> [Exercise prompt]:
A stretch of the entries below is to be set down exactly, running from the line with "Rupes BA225N Instrucciones" through the line with "RARE ' THE WHO ' VINTAGE SIGNED 8X10", both included, and no other line.

> [Entries supplied]:
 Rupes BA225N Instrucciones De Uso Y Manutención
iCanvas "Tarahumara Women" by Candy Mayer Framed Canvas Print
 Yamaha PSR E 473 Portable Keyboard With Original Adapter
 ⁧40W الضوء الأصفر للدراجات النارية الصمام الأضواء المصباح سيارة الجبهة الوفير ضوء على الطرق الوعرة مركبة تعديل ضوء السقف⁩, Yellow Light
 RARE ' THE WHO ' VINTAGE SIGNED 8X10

---

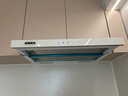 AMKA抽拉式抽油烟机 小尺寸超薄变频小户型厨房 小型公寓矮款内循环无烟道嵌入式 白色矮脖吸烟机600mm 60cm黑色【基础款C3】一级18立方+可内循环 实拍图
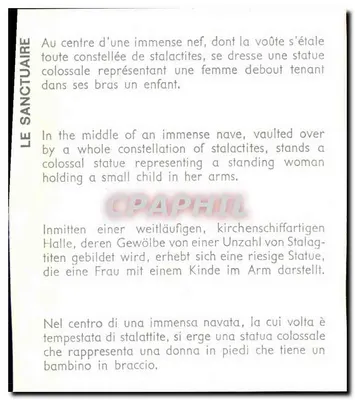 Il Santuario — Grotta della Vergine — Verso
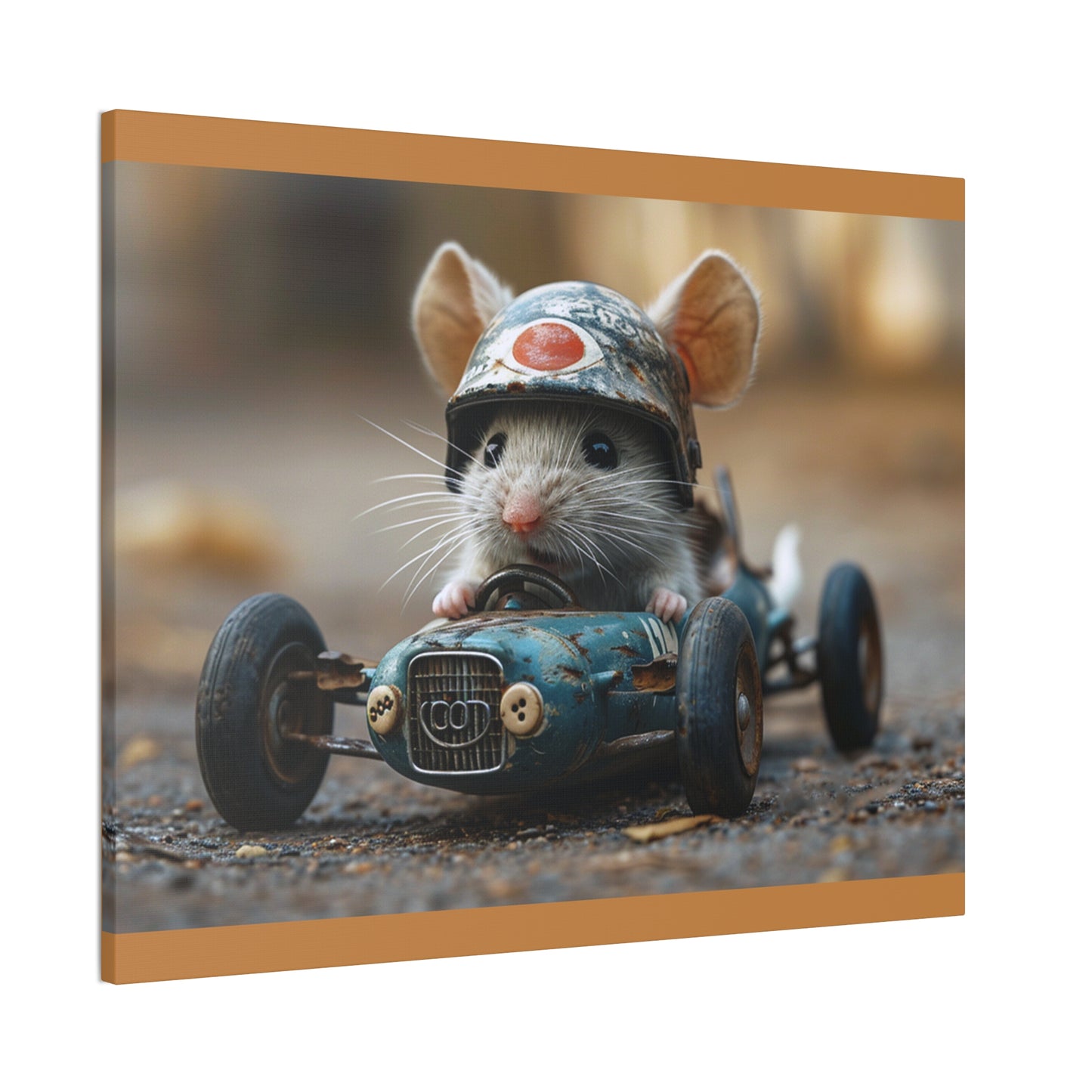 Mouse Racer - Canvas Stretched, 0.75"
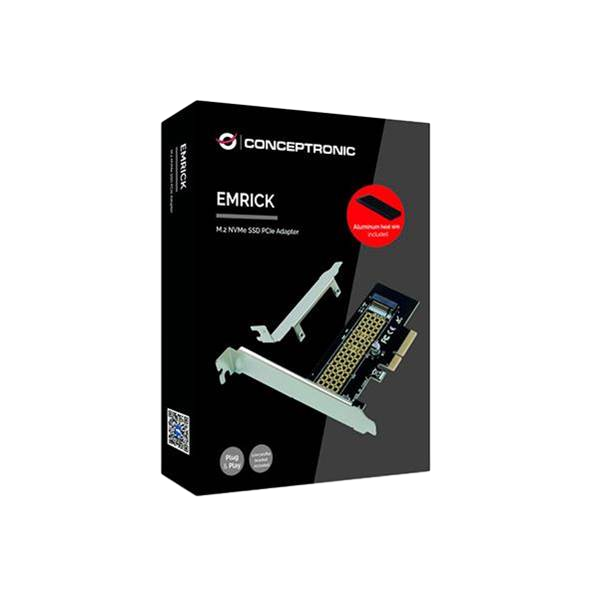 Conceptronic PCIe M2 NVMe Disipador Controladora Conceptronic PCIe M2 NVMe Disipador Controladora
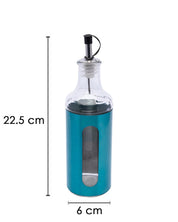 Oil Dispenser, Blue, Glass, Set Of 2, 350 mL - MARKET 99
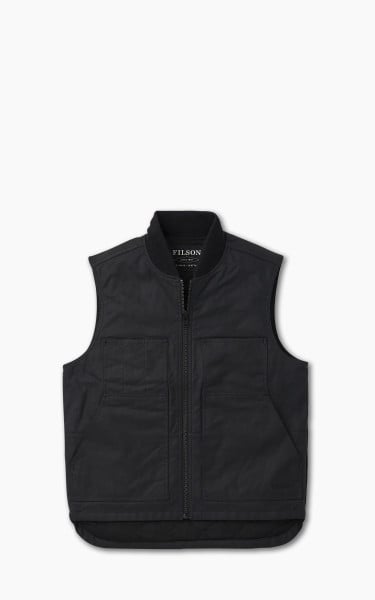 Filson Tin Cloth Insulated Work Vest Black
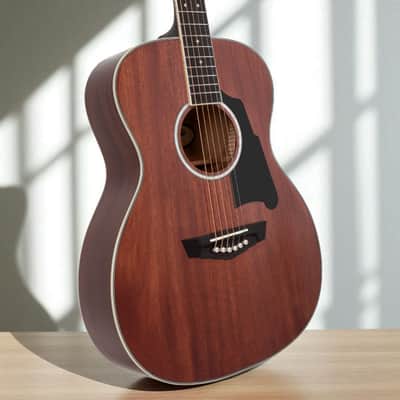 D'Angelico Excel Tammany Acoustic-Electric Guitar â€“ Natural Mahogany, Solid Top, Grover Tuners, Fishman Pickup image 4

...

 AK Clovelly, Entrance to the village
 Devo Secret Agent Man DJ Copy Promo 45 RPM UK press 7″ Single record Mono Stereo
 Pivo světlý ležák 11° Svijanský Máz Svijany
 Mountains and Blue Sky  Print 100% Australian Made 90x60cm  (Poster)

> [Response to this task]:
 Rupes BA225N Instrucciones De Uso Y Manutención
iCanvas "Tarahumara Women" by Candy Mayer Framed Canvas Print
 Yamaha PSR E 473 Portable Keyboard With Original Adapter
 ⁧40W الضوء الأصفر للدراجات النارية الصمام الأضواء المصباح سيارة الجبهة الوفير ضوء على الطرق الوعرة مركبة تعديل ضوء السقف⁩, Yellow Light
 RARE ' THE WHO ' VINTAGE SIGNED 8X10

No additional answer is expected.